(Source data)
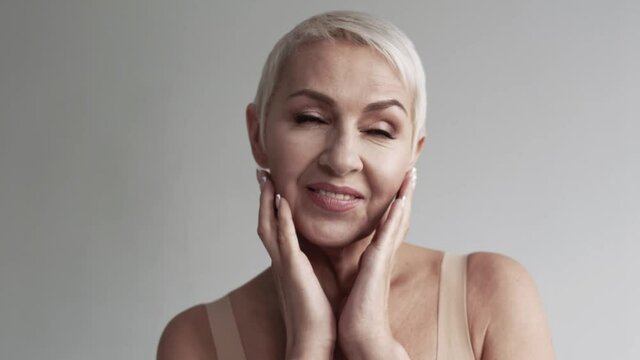 Mature woman touching her face against white background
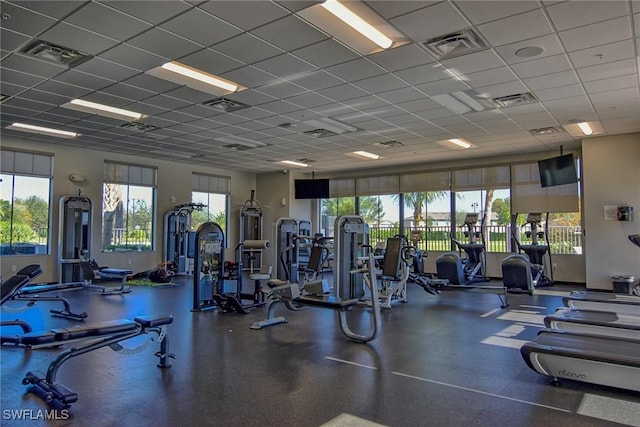 workout area featuring a paneled ceiling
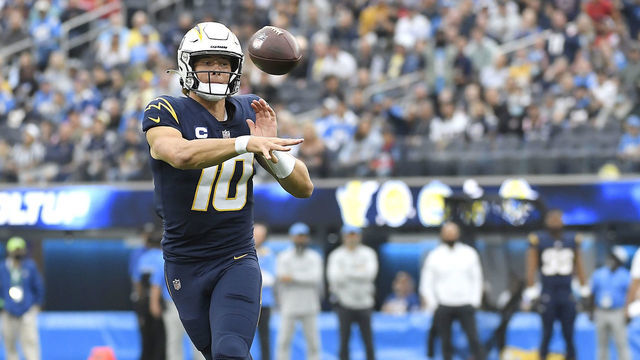 INGLEWOOD, CALIFORNIA - OCTOBER 31: Justin Herbert #10 of the Los Angeles Chargers throws a pass in the first quarter against the New England Patriots at SoFi Stadium on October 31, 2021 in Inglewood, California.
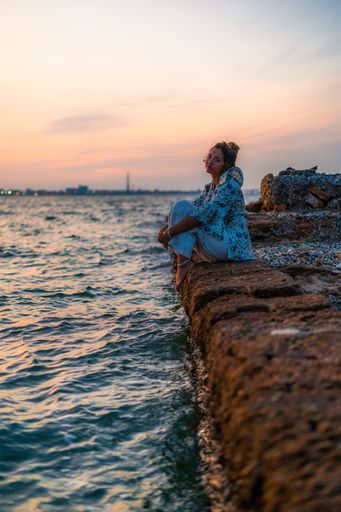 A vertical shot of a young female relaxing on stones surrounded by the sea during a beautiful sunset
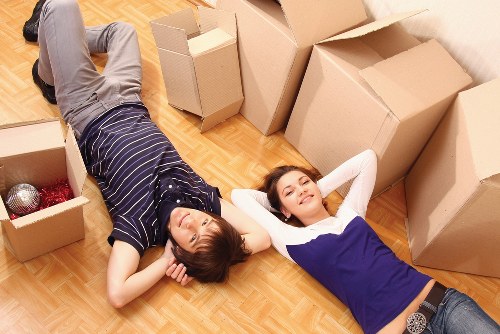 Professional moving team handling furniture delivery in North London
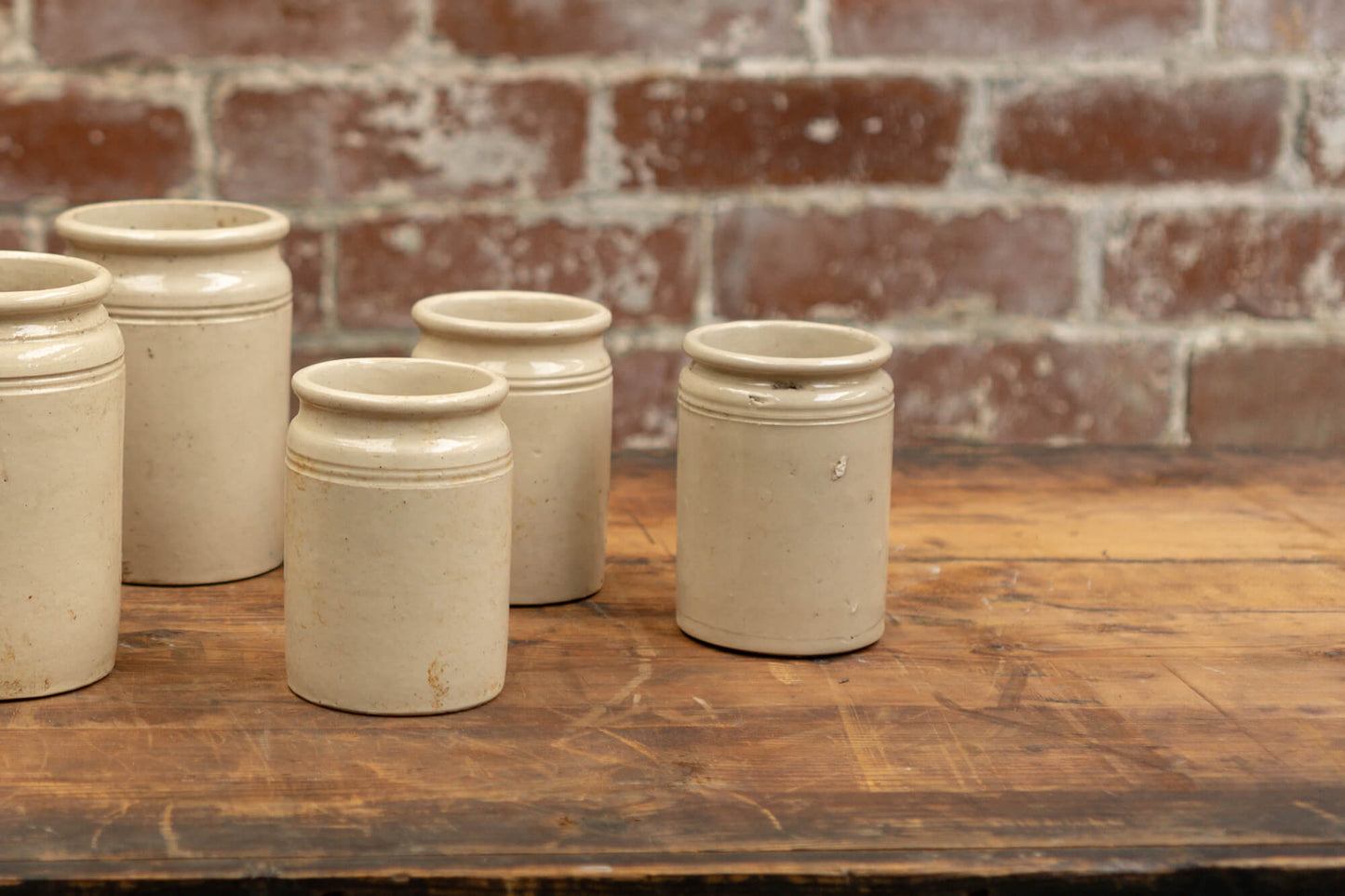 Photo shows 3 various sized salvaged Victorian stoneware jam conserve jars against a brick wall background. The jars are cream coloured with a glaze.
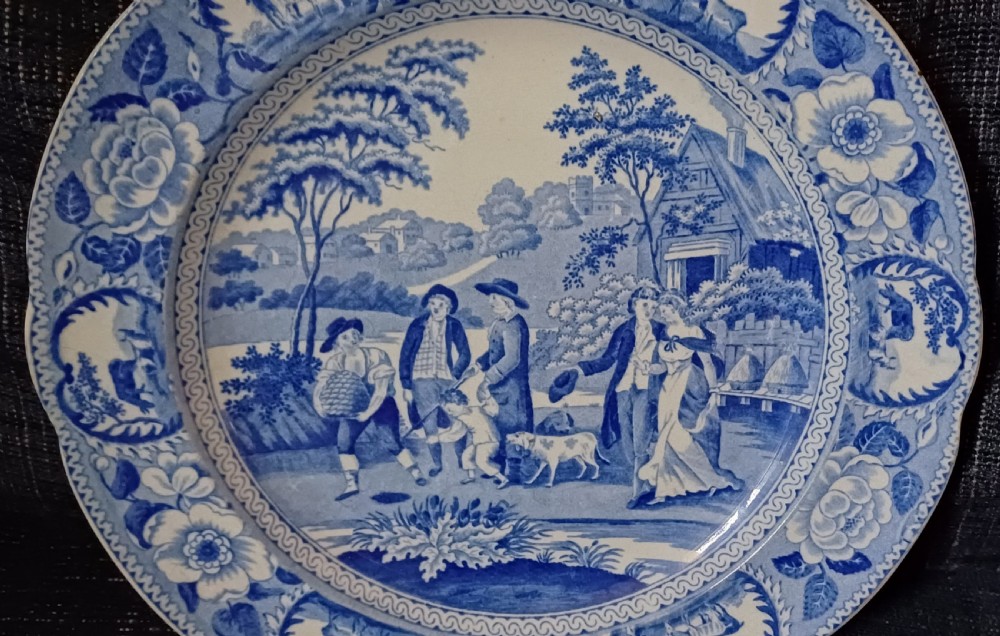 A circular blue and white transfer-printed earthenware plate featuring a central pastoral scene of figures near beehives surrounded by a floral and animal vignette border. View III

Work instructions - Once the line holding "Professional moving team" is found, set it down along with every line after it through the end of the entries, exactly, leaving the pictures out.

Reply -
 Professional moving team handling furniture delivery in North London
 Photo shows 3 various sized salvaged Victorian stoneware jam conserve jars against a brick wall background. The jars are cream coloured with a glaze.
 A circular blue and white transfer-printed earthenware plate featuring a central pastoral scene of figures near beehives surrounded by a floral and animal vignette border. View III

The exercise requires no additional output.